Upon arriving in Hong Kong, the first thing I noticed was that I suddenly felt much taller. I hadn’t played basketball in two years due to a chronic dislocating shoulder problem, but for some reason, I now felt an overwhelmingly intense urge to play a pick-up game of basketball.

I was whisked off to the home of Jason and Jess Budovitch, two transplanted Montreal Jews. This was to be my first opportunity to get some face time with some real-life Chews (Chinese Jews). Over some green tea, I quickly discovered that Jason was a venture capitalist who’d been living in The H.K. for 13 years, while Jess was a professional actress and jazz singer. When I asked the two why they chose to settle in Hong Kong, Jason pointed toward the window and said, "You ever played a pick-up game of basketball in China?"

The next day, I took a tour of the city. The streets were teaming with people. It reminded me of New York City on Steroids, but with lots of Asian signage … wait a second. You know, on second thought, I can honestly say that the city looked exactly like Chinatown — only bigger. And seriously, if I had known that going in, I might have skipped the 15-hour plane ride, rented a room in Chinatown and blown the rest of the money on Tsing-Tao and special "Chinese" Massages. What can I say, you live and you learn.

Later on, I found myself at a street market where live animals were being slaughtered in front of my very eyes. I suddenly became acutely aware of a slight cough. Convinced I’d come down with some new and exotic strain of Bird, Scallop or Giant Prawn flu, I decided it was time for me to go home and rest up for that evening’s festivities.

That night, festival founder Howard Elias hosted me at a Hong Kong-style Shabbat dinner. I arrived at the Jewish Community Center and was immediately stopped by two Chinese guards at the entrance into the building. In broken English, they explained that because it was the Sabbath, I was to turn over my camera and cell phone immediately. Even when I’ve visited my Orthodox relatives’ shul in Long Island, I’d never been asked to turn in the telltale signs of my irreligiousness at the door. Apparently, these Hong Kong Jews weren’t messing around with God’s law. I decided it’d be best not to make a scene. After all, I remembered what happened to Richard Gere in "Red Square."

At dinner, I met a whole host of Hong Kong Jews from all over the world: South Africa, Canada, the United States, Britain and Germany.
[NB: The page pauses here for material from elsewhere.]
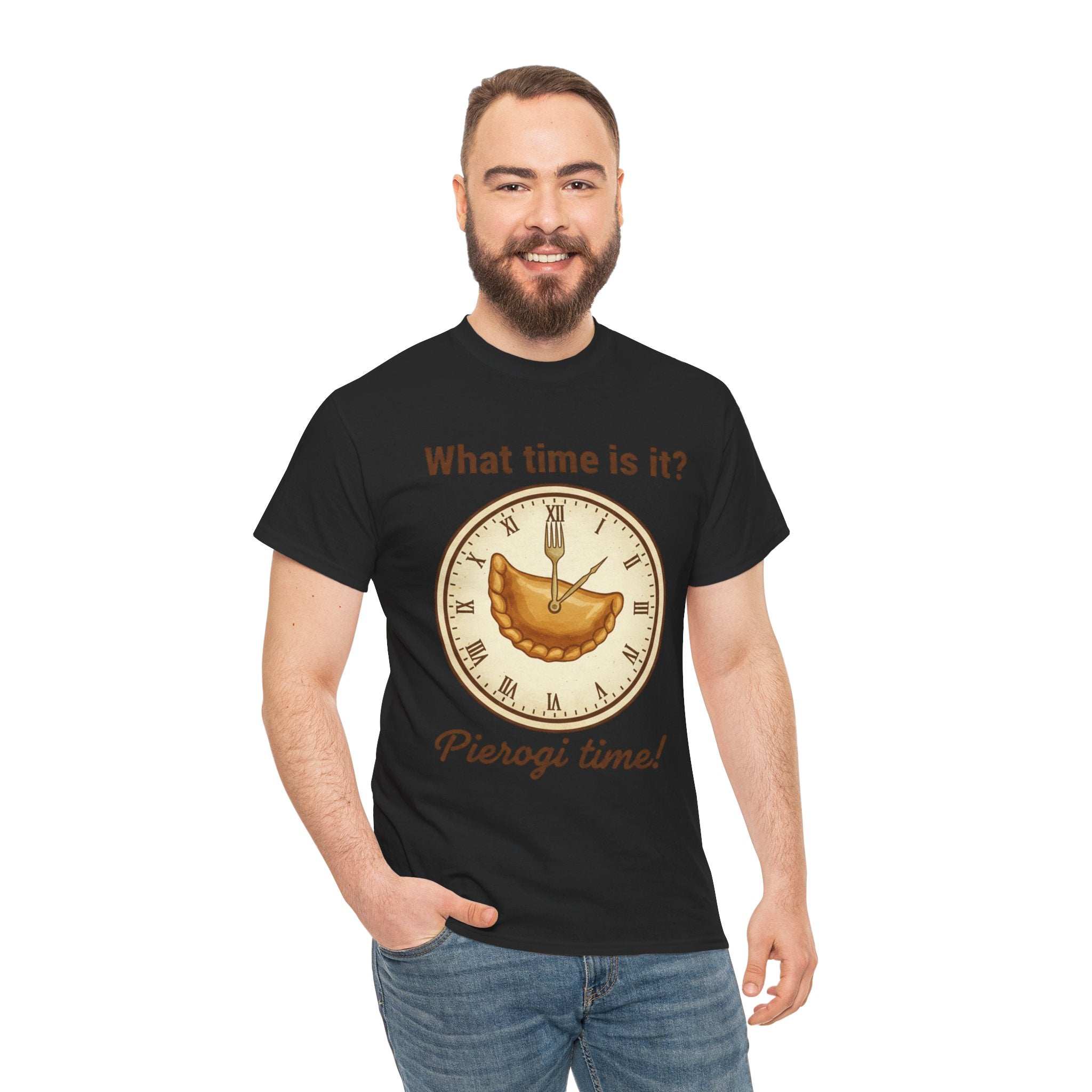 Pierogi Time T‑Shirt — "What time is it? Pierogi time!" Vintage Clock Food Tee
Most were businesspeople with their trades in such things as plastics and technology. I discovered that in Hong Kong, a city of 7 million, there are only 4,000 Jews.
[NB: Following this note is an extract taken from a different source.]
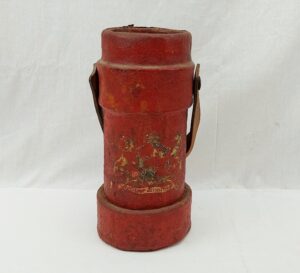 Red Leather Covered Cartridge Or Cordite Carrier With Royal Coat Of Arms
"Many people think it’s strange that there are Jews in H.K., let alone that we have a Jewish film festival," Elias explained. "The Jewish community here is as old as Hong Kong itself — over 150 years." "Although we come from places all over the world, we all have one thing that binds us together — our religion," he continued. "Like most communities, we have been known to fight, but we still care very deeply for each other because we really are each other’s families here…. I’ve visited Jewish communities all over the world, but I’ve never met one that was friendlier than this one."

Before I left Hong Kong, another one of my new Chewish friends, Dr. David Cosman, a chiropractor from Winnipeg, took me for dim sum in Stanley, a shopping village on the water on the south side of the island. For lunch, he ordered two kinds of chicken feet for me to sample. That’s right. You heard me correctly. The feet of chicken. What’s it like, you ask? Well, it looks like miniature velociraptor claws, has the consistency of, well, hard bone and, believe it or not, it tastes like chicken. Not my mother’s burnt chicken, mind you, but more like the kind of chicken that makes you want to vomit violently into a trash can after you bite into it. And this Jewish man was eating it like it was the God’s gift to the culinary arts. So in answer to the declarative statement your mother used to trump you with at the dinner table: While there may be people starving in China, the Jewish community in Hong Kong seems to be holding their dim sum down just fine, thank you.


Jonathan Kesselman, writer and director of The Hebrew Hammer, is an incredibly good looking (yet also modest), slightly neurotic, single, self-proclaimed ‘nice’ Jewish boy from the Valley, who enjoys writing run-on sentences.